His demeanor is kindly; his voice polite and well-modulated. But one inevitably notices the severed fingers on his hands: two on his left, one on the right.
On a Japanese man, missing fingers usually mean one thing: He is, or used to be, a member of the yakuza, the country’s notorious organized crime syndicate.
Yubitsume is a well-known atonement ritual in yakuza culture. When members have done something to displease their boss or bring dishonor to their gang, they have to self-amputate part of a finger, starting from the little finger and moving up to the index.
The practice can be traced to the way Japanese swords are traditionally held, with the last three fingers used for control and grip. Amputation results in a weaker sword grip, causing the offender to rely more on his group instead of acting on his own.
Mr Aoki, a former gang leader with the Inagawa-kai, Japan’s third-largest yakuza family, has performed yubitsume four times, twice on his right little finger. The last ritual took place more than 15 years ago, on his left fourth finger.
“It was very difficult as there was a lot of bone so I had to use my leg to step on the knife,” he says, grinning at the horrified expression of the Japanese interpreter.
He did it after kidnapping another triad leader in a case which left several people dead, resulted in a $500,000 bounty on his head and landed him in prison for 15 years.
He left prison last year, the bounty still on his head. But it is not giving him sleepless nights.
“All the yakuza members I knew are either dead or have gone on to do other things. But if God says I have to go, I will go. I don’t want to worry,” he says.
He is a changed man.
He used to freely draw his katana or samurai sword to express his rage, but now finds solace in the Bible.
“All I want to do now is set up a halfway house for ex-convicts when I return to Japan,” says Aoki, who recently completed a seven-month course at the City Harvest Church School of Theology in Jurong West.

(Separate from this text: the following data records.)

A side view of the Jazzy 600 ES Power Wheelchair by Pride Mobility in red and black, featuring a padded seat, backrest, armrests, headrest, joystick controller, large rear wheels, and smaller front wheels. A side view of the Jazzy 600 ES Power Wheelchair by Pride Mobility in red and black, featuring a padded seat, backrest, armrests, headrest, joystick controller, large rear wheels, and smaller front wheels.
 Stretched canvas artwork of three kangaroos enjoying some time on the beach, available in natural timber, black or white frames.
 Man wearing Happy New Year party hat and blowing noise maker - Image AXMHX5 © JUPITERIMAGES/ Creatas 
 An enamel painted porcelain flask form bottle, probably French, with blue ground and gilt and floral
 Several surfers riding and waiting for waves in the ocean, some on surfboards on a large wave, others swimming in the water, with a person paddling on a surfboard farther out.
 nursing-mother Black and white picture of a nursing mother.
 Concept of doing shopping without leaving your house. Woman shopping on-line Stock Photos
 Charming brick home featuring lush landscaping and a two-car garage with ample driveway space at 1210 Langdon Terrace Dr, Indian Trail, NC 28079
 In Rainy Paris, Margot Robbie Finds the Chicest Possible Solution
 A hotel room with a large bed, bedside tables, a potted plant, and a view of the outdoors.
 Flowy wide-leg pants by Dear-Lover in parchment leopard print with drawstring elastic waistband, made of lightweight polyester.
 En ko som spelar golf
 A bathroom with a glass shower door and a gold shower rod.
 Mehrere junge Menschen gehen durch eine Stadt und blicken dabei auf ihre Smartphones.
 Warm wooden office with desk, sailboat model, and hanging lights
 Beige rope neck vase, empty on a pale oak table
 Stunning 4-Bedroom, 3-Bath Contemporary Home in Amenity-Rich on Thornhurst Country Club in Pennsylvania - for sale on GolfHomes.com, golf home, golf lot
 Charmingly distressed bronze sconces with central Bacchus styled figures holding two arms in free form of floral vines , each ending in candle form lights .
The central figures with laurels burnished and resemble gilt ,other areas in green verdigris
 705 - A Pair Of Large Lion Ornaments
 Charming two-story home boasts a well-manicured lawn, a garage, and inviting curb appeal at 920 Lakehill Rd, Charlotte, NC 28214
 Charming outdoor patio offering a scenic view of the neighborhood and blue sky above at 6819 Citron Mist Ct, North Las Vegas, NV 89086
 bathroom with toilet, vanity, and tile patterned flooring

He was born in Kamakura City in Kanagawa Prefecture, just outside Tokyo, the second of three children of a civil servant and his mistress, a former geisha.
“When I became older, I found out that my father had tattoos and was a former yakuza too,” says Aoki, who has the image of a warrior monk flanked by a tiger and dragon inked indelibly across his chest and entire back right down to his thighs.
He was a bully in school, taking delight in roughing up those he did not like. He was 12 when something happened that hardened his heart, he says.
“I had to attend a summer camp and my mother sent me off at the train station. When I came home three days later, my father, instead of my mother, was at the railway station waiting for me. I found it unusual,” he says.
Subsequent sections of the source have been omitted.